Many young Pacific Islanders come to the United States in search of education and economic opportunity. In some cultures, particularly Samoa, there is pressure to return home after education to select a mate. For example, according to the Federated States of Micronesia Census Report of 1994, most of the 15,000 Micronesians then living in the United States and its territories stated that they were only there temporarily and were planning to eventually return home. For those who stay in the U.S., once they are financially established, like other immigrants, they sponsor other family members to enter the U.S.
II. Patterns of Health Risks
Most people who take an interest in Pacific Island health believe that they will be dealing with exotic tropical illnesses. While these do exist, the major health problems are those of obesity, Type II diabetes mellitus, hypertension, and their resulting cardiovascular and cerebrovascular diseases. In those islands where health care is relatively unavailable, people succumb to treatable medical illnesses and traumatic injuries. The challenges of providing modern health care for to a population dispersed over such a large area are daunting. The health risks below are worth considering both in caring for people in the Pacific Islands and in new immigrants to the U.S. from these areas.

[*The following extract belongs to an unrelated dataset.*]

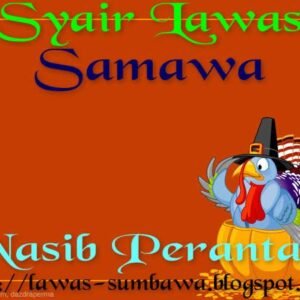 Lawas tau samawa di rantauan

The reports of Captain Cook's first contact with Native Hawaiians described strong, healthy-looking, muscular natives. On subsequent voyages, the population had declined and the natives looked sicker. Obesity was rare. Today, obesity is a common problem, to the extent that it is considered the norm for both men and women.
C. Diabetes Mellitus
Type II diabetes mellitus is a common problem throughout the Pacific Islands. For example, the age-adjusted prevalence of Type II diabetes mellitus in Native Hawaiians is four times higher than of the US NHANES II population. The prevalence in women is three times that in men. In Nauruans, from 1% to 2% become frankly diabetic each year. Among Pacific Islanders, only non-Austronesian-speaking Melanesians are not particularly at high risk for diabetes mellitus. The rate of serious lower extremity infections is greater than in the U.S. as is the extent to which these poorly treated wounds result in amputation and in premature death.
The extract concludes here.